## [Aim of the exercise]
Using the records below, copy exactly the part that opens with the line holding "Large-capacity cat-eye false" and closes with the line holding "Putuo Decor Monstera", minus the pictures.

## [Material supplied]
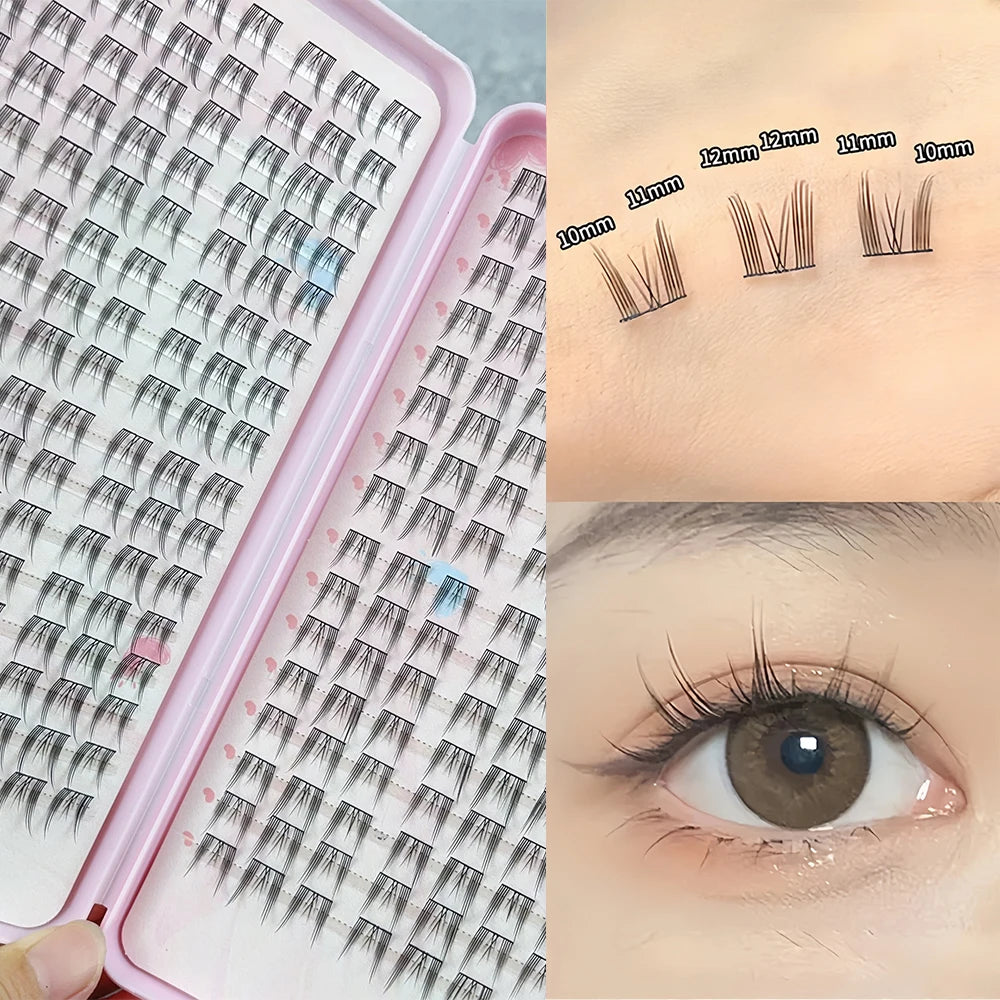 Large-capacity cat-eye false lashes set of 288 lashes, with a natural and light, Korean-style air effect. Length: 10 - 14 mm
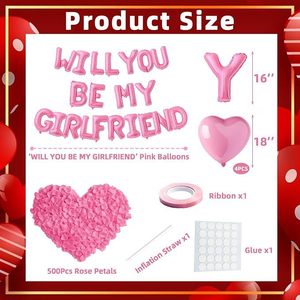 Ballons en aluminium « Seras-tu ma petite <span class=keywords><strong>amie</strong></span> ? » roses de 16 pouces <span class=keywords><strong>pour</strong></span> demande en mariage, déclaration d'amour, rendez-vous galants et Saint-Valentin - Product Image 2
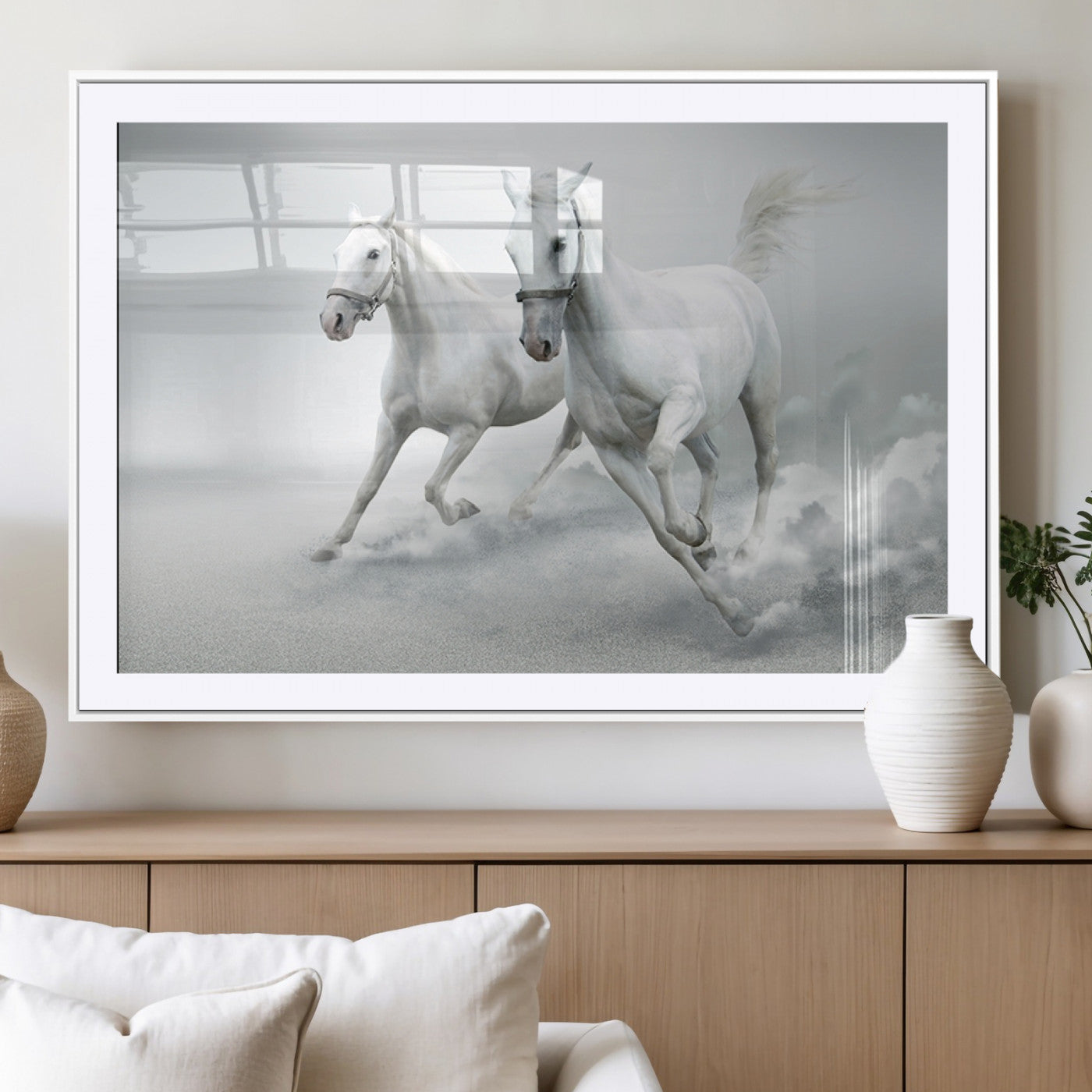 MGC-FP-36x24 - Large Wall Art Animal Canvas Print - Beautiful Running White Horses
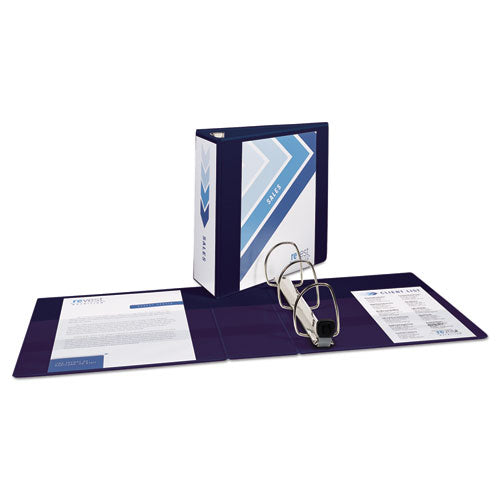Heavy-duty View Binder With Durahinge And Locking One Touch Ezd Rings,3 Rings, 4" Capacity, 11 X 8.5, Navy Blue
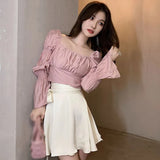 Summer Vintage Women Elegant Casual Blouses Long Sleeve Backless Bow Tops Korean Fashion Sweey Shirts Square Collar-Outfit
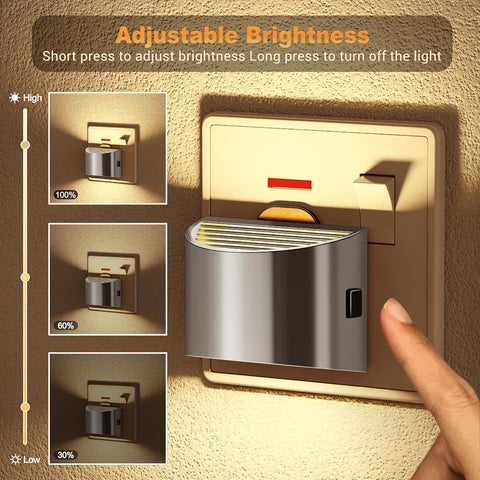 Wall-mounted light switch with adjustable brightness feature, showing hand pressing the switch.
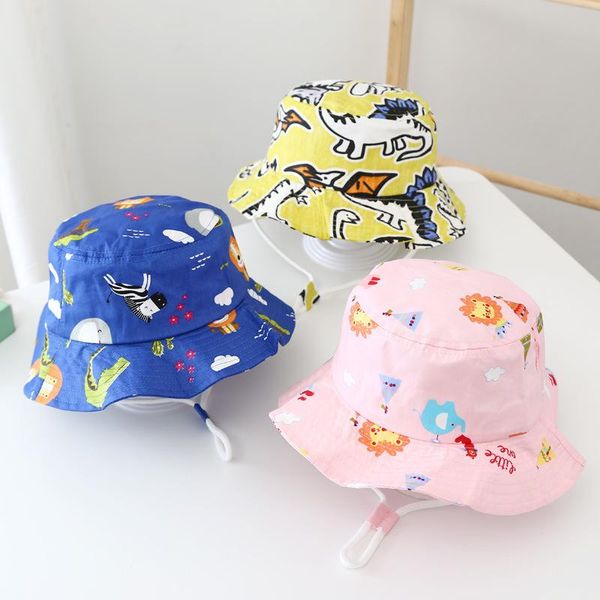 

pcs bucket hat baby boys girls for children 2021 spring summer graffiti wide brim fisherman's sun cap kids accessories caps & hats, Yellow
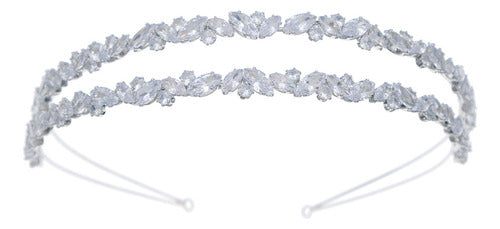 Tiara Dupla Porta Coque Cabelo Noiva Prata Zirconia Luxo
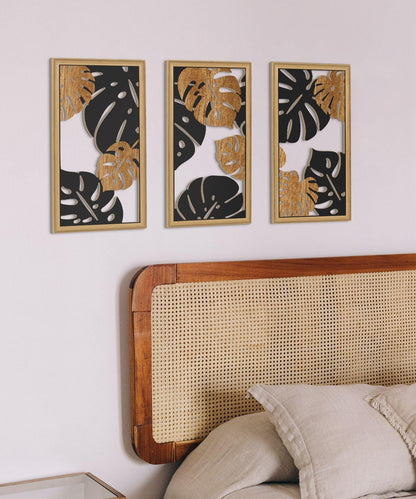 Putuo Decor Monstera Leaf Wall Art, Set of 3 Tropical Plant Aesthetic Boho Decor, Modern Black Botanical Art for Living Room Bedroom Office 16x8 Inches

...

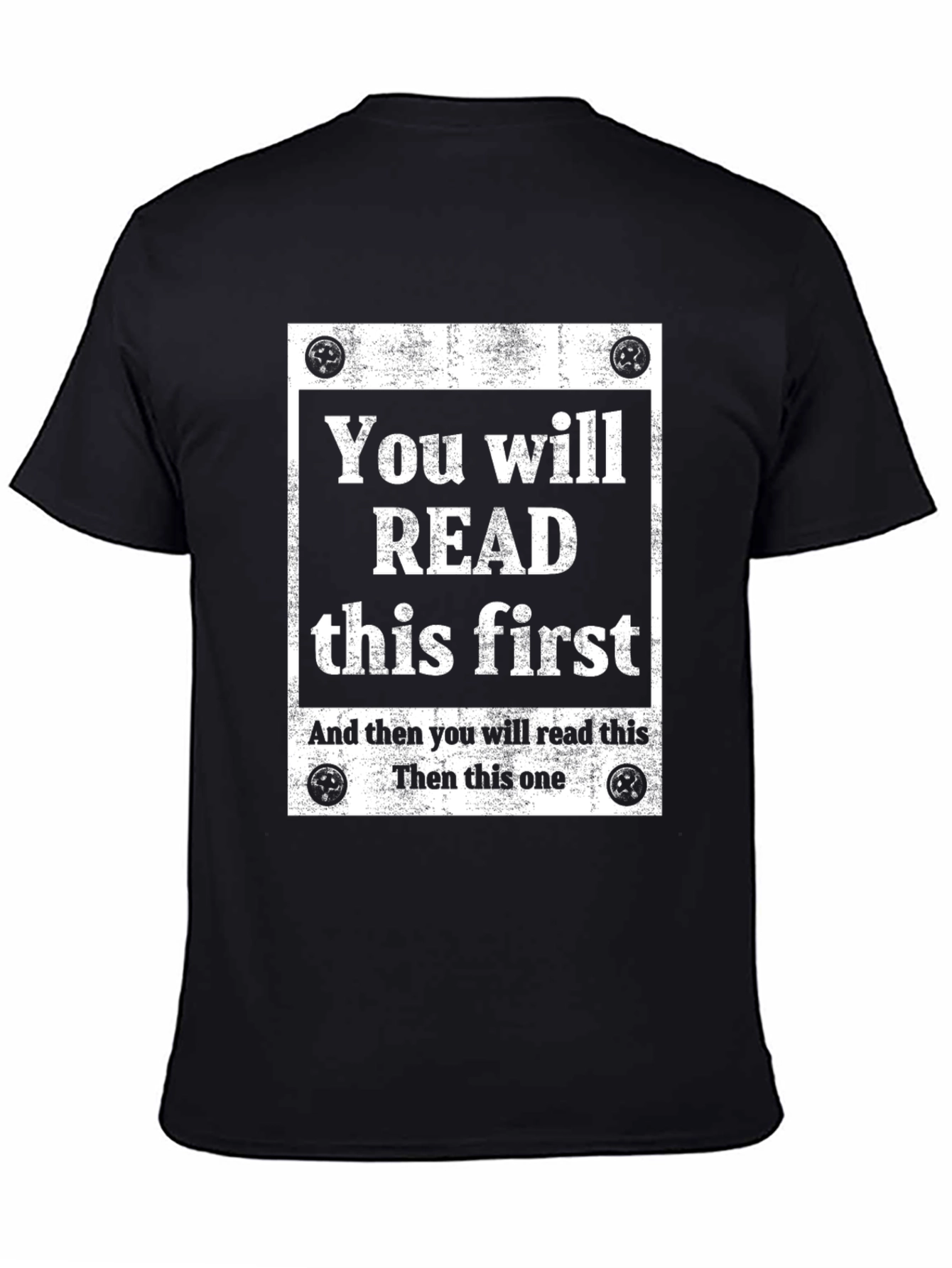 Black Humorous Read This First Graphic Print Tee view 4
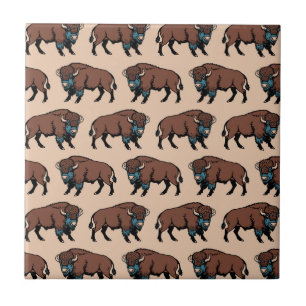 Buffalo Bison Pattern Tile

## [Solution to this problem]
 Large-capacity cat-eye false lashes set of 288 lashes, with a natural and light, Korean-style air effect. Length: 10 - 14 mm
 Ballons en aluminium « Seras-tu ma petite <span class=keywords><strong>amie</strong></span> ? » roses de 16 pouces <span class=keywords><strong>pour</strong></span> demande en mariage, déclaration d'amour, rendez-vous galants et Saint-Valentin - Product Image 2
 MGC-FP-36x24 - Large Wall Art Animal Canvas Print - Beautiful Running White Horses
Heavy-duty View Binder With Durahinge And Locking One Touch Ezd Rings,3 Rings, 4" Capacity, 11 X 8.5, Navy Blue
 Summer Vintage Women Elegant Casual Blouses Long Sleeve Backless Bow Tops Korean Fashion Sweey Shirts Square Collar-Outfit
 Wall-mounted light switch with adjustable brightness feature, showing hand pressing the switch.

pcs bucket hat baby boys girls for children 2021 spring summer graffiti wide brim fisherman's sun cap kids accessories caps & hats, Yellow
 Tiara Dupla Porta Coque Cabelo Noiva Prata Zirconia Luxo
 Putuo Decor Monstera Leaf Wall Art, Set of 3 Tropical Plant Aesthetic Boho Decor, Modern Black Botanical Art for Living Room Bedroom Office 16x8 Inches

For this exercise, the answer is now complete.